In 1999 Jaenisch gave another lecture, at the Research Institute of Molecular Pathology in Vienna. This time 23-year-old Konrad Hochedlinger was in the crowd. As Jaenisch talked about what stem cell scientists were accomplishing, Hochedlinger sat enraptured. He was studying embryo development at the institute, where he’d received his master’s the year before, but wasn’t satisfied with the work. It didn’t feel big enough. A few days later he e-mailed Jaenisch, saying he would be visiting Boston soon, and asked whether Jaenisch would have half an hour to meet.

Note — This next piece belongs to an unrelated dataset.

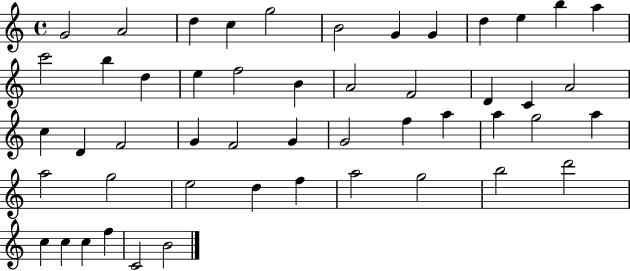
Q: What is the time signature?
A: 4/4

Neither of Hochedlinger’s parents had any interest in science. And neither did he, at first—he was into art and architecture. But when his older sister began to study biology, she encouraged him to follow in her footsteps.
Several weeks after his e-mail, Hochedlinger did indeed meet up with Jaenisch in Cambridge. Jaenisch was taken with the young man’s impatience for modest gains. He offered a spot in his lab to Hochedlinger, who gladly accepted. If in Eggan Jaenisch had found a protégé, in Hochedlinger he found something closer to a son.